To be precise, the syntax of the attribute type corresponding
to the attribute description in the filter.

> In testing an assertion, the stored value is always normalized
> per its syntax (by value_normalize).

Then, we don't need it to normalize the asserted value, do we?
As a matter of fact, it seems none of the existing normalization
functions use that argument.  Can you provide an example of
where might it be needed?

> Regardless of whether or not an attribute type is specified,
> the asserted value needs to be normalized (possibly in a
> matching rule specific manner) per the assertion syntax.
> Hence, the syntax argument to the normalizer is a must.

Are we talking about value_normalize or the normalizer
method itself?

The current situation is that value_normalize calls mr->smr_normalize
if defined or mr->smr_syntax->ssyn_normalize.  This it correct,
since it is either the one in the matching rule or the one for
the syntax of the asserted value.

The problem now is that the normalization methods get called
with ad->ad_type->sat_syntax as a first parameter, i.e. the
syntax of the stored value.  And we might not have that in some
extensible matches, e.g. '(:2.5.13.4:=*John*)'.

So, we can:

	- Kill that argument
	- Redefine it to mean syntax in the asserted value
	- Declare that normalizers must accept that it be NULL
	- Delay asserted value normalization until we know the
	  attribute type (possibly precomputing the different
	  normalizations so that it need not be done n times
	  per inspected directory entry)
	- Forget about doing extensible matches without
	  attribute descriptions

> What I suggest is that the switch cases set a local variable
> 'syntax' which is then passed into normalizers.  For
> non-SLAP_MR_EXT, this syntax would be that of the asserted
> attribute description (ad->ad_type->sat_syntax).

I don't know, I think the asserted value should be normalized
against its syntax, that need not be the same as that in the 
asserted attribute description. It is the case of
objectIdentifierFirstComponentMatch and the like.

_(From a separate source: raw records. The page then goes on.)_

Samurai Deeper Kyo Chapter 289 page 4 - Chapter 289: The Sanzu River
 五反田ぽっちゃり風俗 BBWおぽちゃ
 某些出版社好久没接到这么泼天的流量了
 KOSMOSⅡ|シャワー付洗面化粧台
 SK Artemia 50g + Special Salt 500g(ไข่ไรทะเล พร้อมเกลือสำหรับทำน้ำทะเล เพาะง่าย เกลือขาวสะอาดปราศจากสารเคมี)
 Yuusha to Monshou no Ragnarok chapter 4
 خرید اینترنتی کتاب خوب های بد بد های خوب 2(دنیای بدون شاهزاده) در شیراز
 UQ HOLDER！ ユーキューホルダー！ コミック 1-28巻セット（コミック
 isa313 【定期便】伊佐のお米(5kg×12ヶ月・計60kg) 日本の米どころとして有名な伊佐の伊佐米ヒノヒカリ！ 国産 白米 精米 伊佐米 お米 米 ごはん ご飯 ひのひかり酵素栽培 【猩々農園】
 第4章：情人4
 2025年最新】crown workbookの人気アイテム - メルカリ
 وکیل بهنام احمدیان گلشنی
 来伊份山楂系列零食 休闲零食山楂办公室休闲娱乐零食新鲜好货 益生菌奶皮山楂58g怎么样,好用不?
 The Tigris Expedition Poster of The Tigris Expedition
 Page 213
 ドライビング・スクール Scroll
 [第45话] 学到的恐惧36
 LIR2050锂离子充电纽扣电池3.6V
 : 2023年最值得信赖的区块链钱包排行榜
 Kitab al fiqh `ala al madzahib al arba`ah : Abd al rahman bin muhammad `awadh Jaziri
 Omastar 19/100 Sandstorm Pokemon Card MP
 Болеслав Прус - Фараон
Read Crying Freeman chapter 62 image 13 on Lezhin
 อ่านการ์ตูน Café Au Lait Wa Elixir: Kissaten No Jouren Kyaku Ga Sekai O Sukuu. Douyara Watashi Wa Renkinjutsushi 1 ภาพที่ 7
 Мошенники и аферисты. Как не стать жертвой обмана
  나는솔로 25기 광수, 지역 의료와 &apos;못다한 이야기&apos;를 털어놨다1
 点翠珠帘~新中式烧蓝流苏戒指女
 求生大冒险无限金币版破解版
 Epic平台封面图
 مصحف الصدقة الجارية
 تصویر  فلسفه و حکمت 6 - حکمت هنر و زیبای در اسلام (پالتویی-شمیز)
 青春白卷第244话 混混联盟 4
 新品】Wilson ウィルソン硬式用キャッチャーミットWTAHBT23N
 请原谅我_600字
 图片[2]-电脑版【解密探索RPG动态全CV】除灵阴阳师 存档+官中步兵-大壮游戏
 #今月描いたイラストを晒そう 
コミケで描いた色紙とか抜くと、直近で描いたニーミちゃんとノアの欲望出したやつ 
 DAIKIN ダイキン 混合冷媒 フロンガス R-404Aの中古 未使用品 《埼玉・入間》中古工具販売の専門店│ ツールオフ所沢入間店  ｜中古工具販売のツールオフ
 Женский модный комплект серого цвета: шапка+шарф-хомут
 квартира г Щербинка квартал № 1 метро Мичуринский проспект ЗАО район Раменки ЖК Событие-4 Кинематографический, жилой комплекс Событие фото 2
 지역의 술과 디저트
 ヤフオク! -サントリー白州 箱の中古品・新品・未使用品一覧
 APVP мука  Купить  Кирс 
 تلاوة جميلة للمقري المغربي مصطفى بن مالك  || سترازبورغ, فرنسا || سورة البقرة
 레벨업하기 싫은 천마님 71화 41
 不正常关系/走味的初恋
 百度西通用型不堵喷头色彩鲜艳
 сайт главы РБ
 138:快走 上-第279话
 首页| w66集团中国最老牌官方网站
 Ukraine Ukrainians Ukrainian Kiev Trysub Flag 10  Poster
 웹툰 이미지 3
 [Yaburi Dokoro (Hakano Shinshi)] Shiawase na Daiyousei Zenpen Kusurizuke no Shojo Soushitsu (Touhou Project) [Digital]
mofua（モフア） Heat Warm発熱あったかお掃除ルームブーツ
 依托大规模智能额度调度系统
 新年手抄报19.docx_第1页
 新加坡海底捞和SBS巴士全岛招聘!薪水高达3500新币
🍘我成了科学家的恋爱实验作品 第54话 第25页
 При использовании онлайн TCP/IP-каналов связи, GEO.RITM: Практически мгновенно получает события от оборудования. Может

On the other hand, the matching rule needs to know at some time
the syntax of the stored value and that knowledge is not 
explicit in the schema, but it is obvious that matching rules
are only compatible with some syntaxes and not others.  For
instance, the proverbial objectIdentifierFirstComponentMatch
is only compatible with syntaxes that are ASN.1 things that
start with a non-optional OID (or the textual representations
of those things, such as MatchingRuleDescription and the like).
But it is meaningless for a DirectoryString, for instance.

And that is not explicit anywhere. MatchingRuleUse would be
the place, actually, but it is supposed to be just for
extensible matches and is not defined in terms of syntaxes,
but of attribute types instead.  A big PITA, if you ask me.

> For
> SLAP_MR_EXT, it's whatever is appropriate.
> 
> Alternatively, we could modify the matching rule structure
> to contain a reference to assertion syntax.  This might
> actually be cleaner.

Actually, it is there, it is smr_syntax.  The matching rule
defines the syntax of the asserted value.